No Coverage for Related Claims Where Insured Received Third-Party Indemnification

The United States District Court for the Southern District of Texas, applying Texas law, has held that an insurance broker is not entitled to coverage under its E&O policy because its former corporate parent already indemnified it for the settlement at issue. Southwest Risk LP v. Ironshore Specialty Ins. Co., 2016 WL 2898040 (S.D. Tex. May 18, 2016).

The insured, a property and casualty insurance broker, was sued by multiple parties alleging the broker’s failure to place sufficient insurance before an impending hurricane. The insured sought coverage under its professional liability policy. The insurer denied coverage on the basis that the claims were not “first made” during the policy period because the insured received the first demand letter and lawsuit before the policy period and the lawsuits all alleged related wrongful acts. The insurer also argued that it had no obligation to cover one of the settlements because the broker’s former corporate parent had agreed to indemnify the broker and already paid the settlement.
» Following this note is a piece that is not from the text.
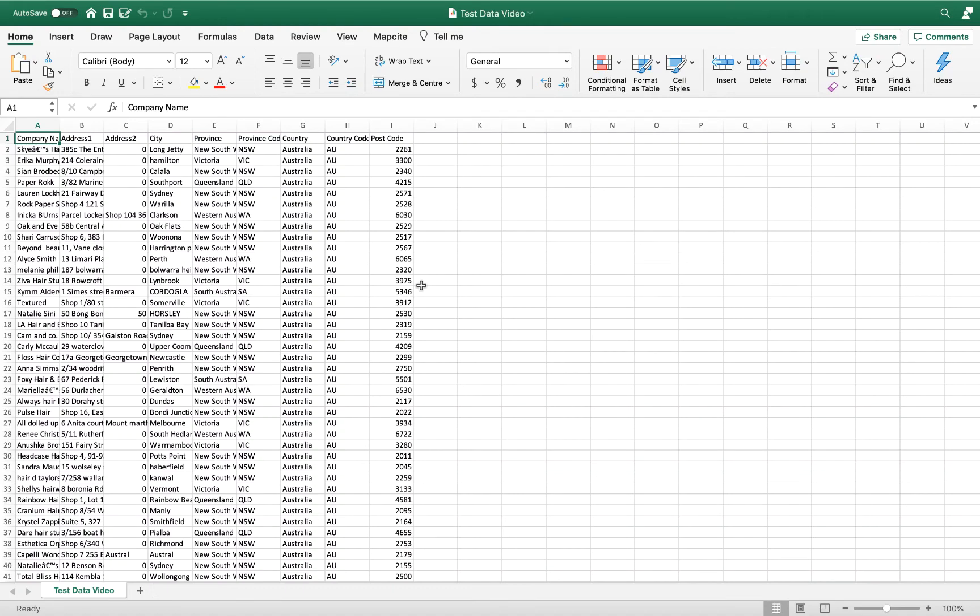Today we're going to be using the Mapsite for Excel add-in to see how easy it is to geocode a set of data within an Excel spreadsheet.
The court granted summary judgment for the insurer. The insured, while not disputing that the lawsuits all involved related allegations, argued that the original demand letter and petition received before the policy period were not “claims” under the policy and therefore the subsequent lawsuits could not be related back. Under the policy, “claim” was defined as “any written demand received by the insured for damages or for non-monetary relief based on any actual or alleged wrongful act.” The court rejected the broker’s argument that the original demand letter and petition were not claims because they did not clearly allege broker liability.
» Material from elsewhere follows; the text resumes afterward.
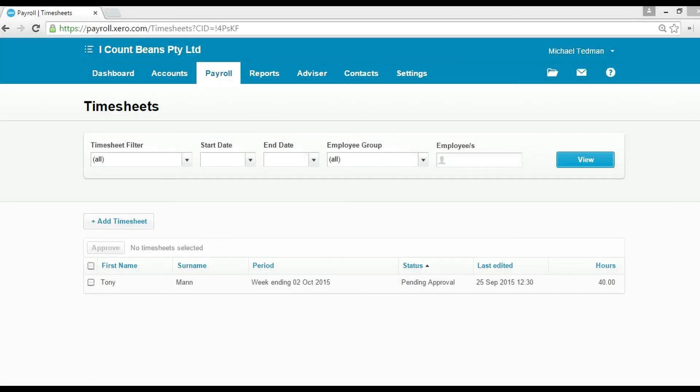Hi guys, today I'm going to show you how a manager would approve timesheets and leave through Xero.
The court held that, because the letter and petition sought damages from the insured broker, they were written claims for damages against the broker within the meaning of the policy. In addition, the court held that the broker was not entitled to coverage for a settlement of one of the lawsuits in any event. The broker’s former corporate parent had agreed to indemnify the broker for certain liabilities in connection with the sale of the broker to another entity. Pursuant to that indemnity agreement, the former parent paid the settlement. The court held that, under Texas law, the broker and its present owner were not entitled to insurance coverage because they had suffered no pecuniary loss and were not entitled to a double recovery.